▶ **Work to complete**
Reproduce word for word, from the entries below, the line with "Apartamento à venda com 52m², 2 quartos e 1 vaga Apartamento", the line with "49 New Searles Road Nashua NH 03062", and every line between them, and nothing more.

*** Data in this exercise Section Begins ***

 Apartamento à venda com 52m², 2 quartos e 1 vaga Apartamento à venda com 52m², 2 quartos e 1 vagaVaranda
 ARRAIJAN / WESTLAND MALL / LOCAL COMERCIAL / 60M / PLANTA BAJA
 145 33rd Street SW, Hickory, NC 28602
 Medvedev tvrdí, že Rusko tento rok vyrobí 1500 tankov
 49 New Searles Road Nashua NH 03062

*** Data in this exercise Section Ends ***
*** Data in this exercise Section Begins ***

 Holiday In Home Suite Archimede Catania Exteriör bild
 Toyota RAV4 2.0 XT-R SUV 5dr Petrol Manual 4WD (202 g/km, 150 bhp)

*** Data in this exercise Section Ends ***
*** Data in this exercise Section Begins ***

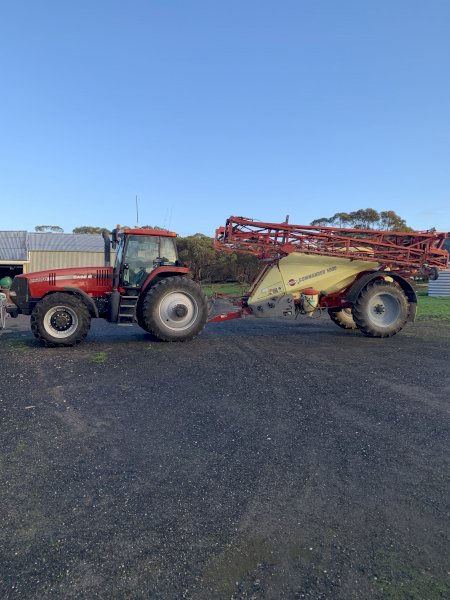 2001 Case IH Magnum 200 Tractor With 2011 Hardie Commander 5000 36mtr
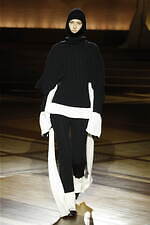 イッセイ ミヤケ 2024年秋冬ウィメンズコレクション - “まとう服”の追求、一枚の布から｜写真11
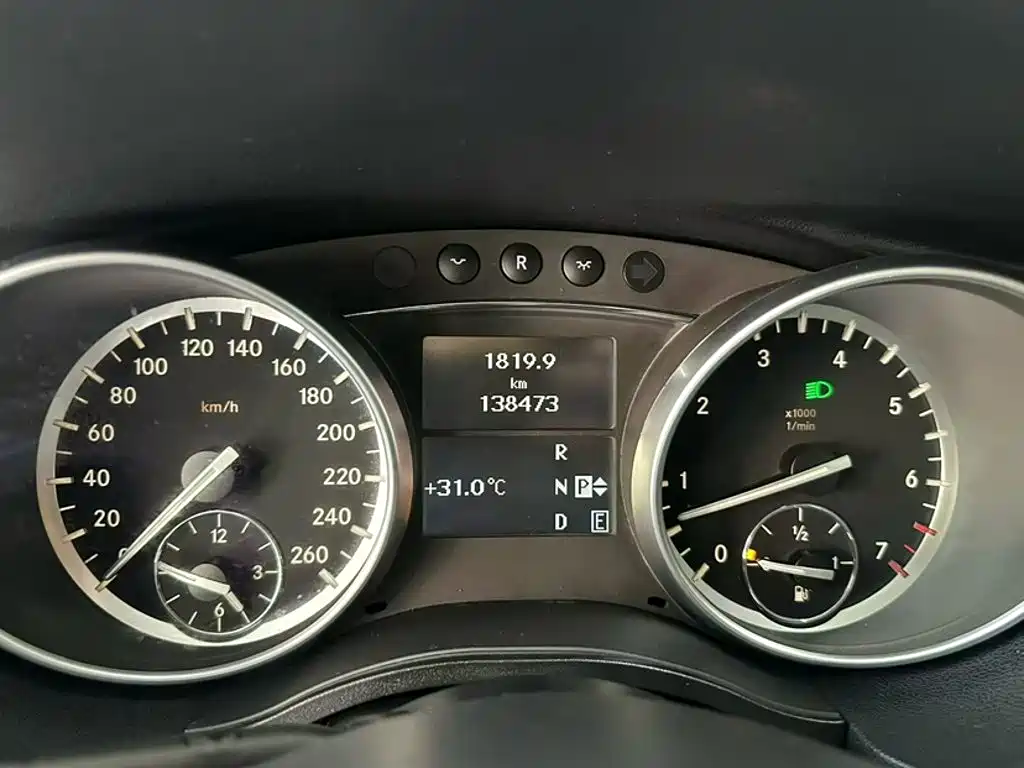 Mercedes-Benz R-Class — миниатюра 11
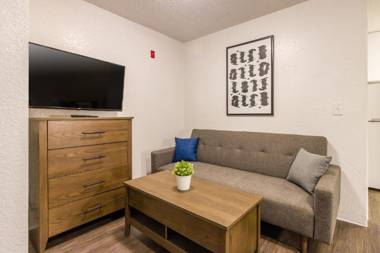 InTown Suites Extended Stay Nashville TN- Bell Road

*** Data in this exercise Section Ends ***

▶ **The completed task**
 Apartamento à venda com 52m², 2 quartos e 1 vaga Apartamento à venda com 52m², 2 quartos e 1 vagaVaranda
 ARRAIJAN / WESTLAND MALL / LOCAL COMERCIAL / 60M / PLANTA BAJA
 145 33rd Street SW, Hickory, NC 28602
 Medvedev tvrdí, že Rusko tento rok vyrobí 1500 tankov
 49 New Searles Road Nashua NH 03062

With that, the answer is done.